Storage Is Not Memory: A Retrieval-Centered Architecture for Agent Recall

arXiv cs.CL / 5/7/2026

📰 NewsDeveloper Stack & InfrastructureIdeas & Deep AnalysisModels & Research

Key Points

  • The paper argues that “agent memory” should not be based on extracting and storing content at ingestion time, because information discarded before the query is known cannot be recovered later.
  • It proposes “True Memory,” a six-layer retrieval-centered architecture that preserves events verbatim and replaces storage-schema assumptions with a multi-stage retrieval pipeline.
  • The full system is designed to run as a single SQLite file on commodity CPUs, avoiding external databases, vector indexes, graph stores, and GPUs.
  • Experiments show strong retrieval/recall performance: 93.0% on LoCoMo (vs. 61.4% Mem0, 65.4% Supermemory, ~71% Zep, and 94.5% EverMemOS), 87.8% on LongMemEval, and 76.6% on BEAM-1M (above a prior 73.9% result from Hindsight).
  • An ablation study across 56 configurations indicates a relatively small performance variance (about 1.3 percentage points) within the best-performing family of setups.

Abstract

Extraction at ingestion is the wrong primitive for agent memory: content discarded before the query is known cannot be recovered at retrieval time.
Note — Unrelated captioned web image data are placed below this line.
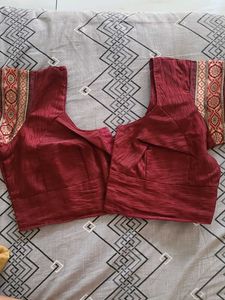 Elegant Golden Saree with Brocade Border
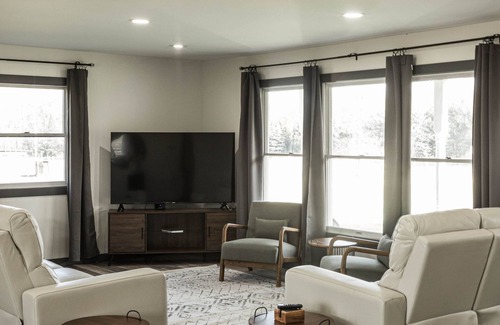 Harrison Other | Farmhouse-hot tub, king beds, pet friendly, skiing, ORVing, hunting & golfing.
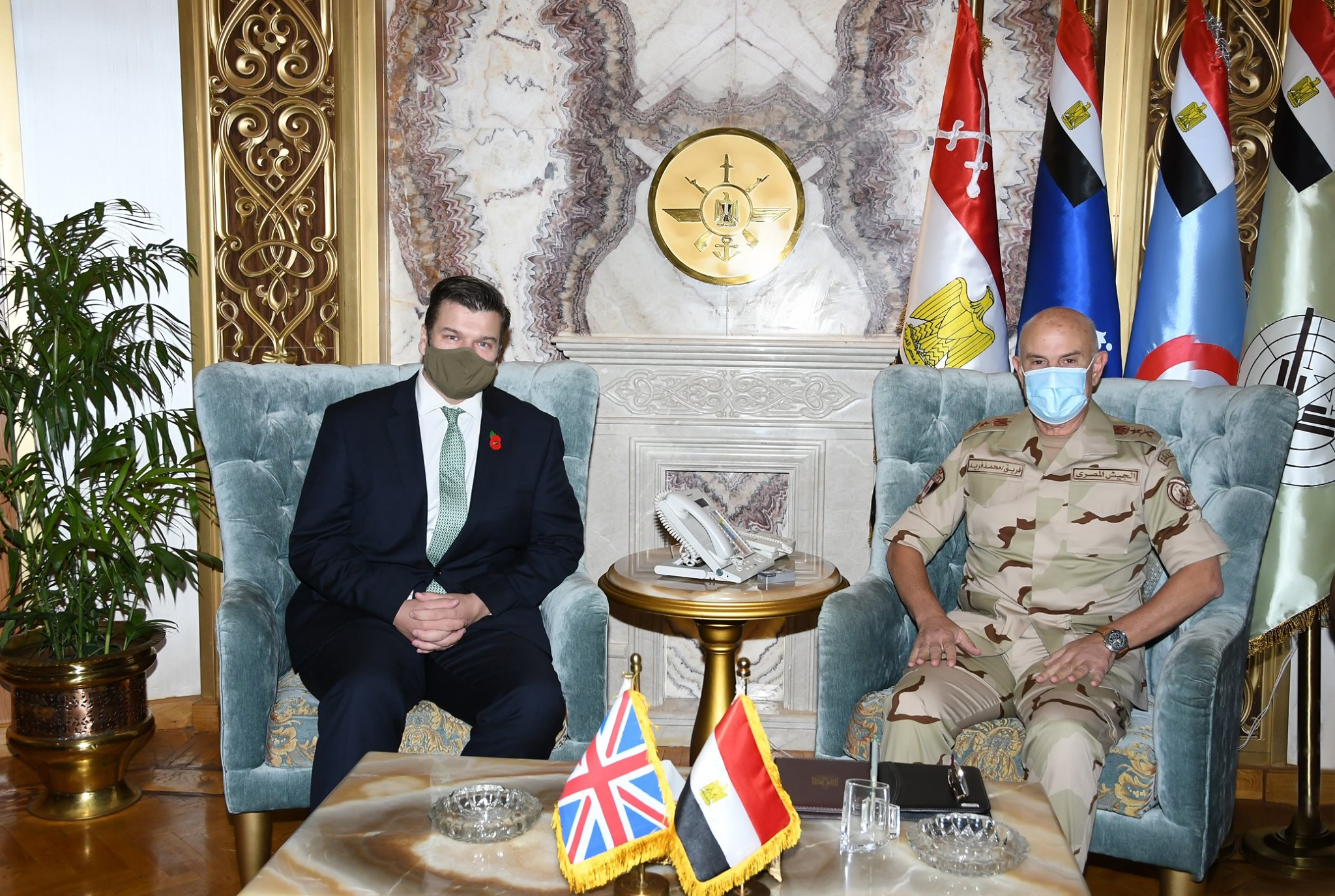   الفريق محمد فريد يلتقى وزير الدولة للقوات المسلحة البريطانية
We propose True Memory, a six-layer architecture that shifts the center of the system from a storage schema to a multi-stage retrieval pipeline operating over events preserved verbatim. The full system runs as a single SQLite file on commodity CPU with no external database, vector index, graph store, or GPU. On LoCoMo (1,540 questions across 10 multi-session conversations), True Memory Pro reaches 93.0% accuracy (3-run mean) against 61.4% for Mem0, 65.4% for Supermemory, approximately 71% for Zep, and 94.5% for EverMemOS under a matched gpt-4.1-mini answer model. On LongMemEval (500 questions), True Memory Pro reaches 87.8% (3-run mean). On BEAM-1M (700 questions at the 1-million-token scale), True Memory Pro reaches 76.6% (3-run mean), above the prior published result of 73.9% for Hindsight. A 56-configuration ablation shows a 1.3-percentage-point spread within the top-performing configuration family.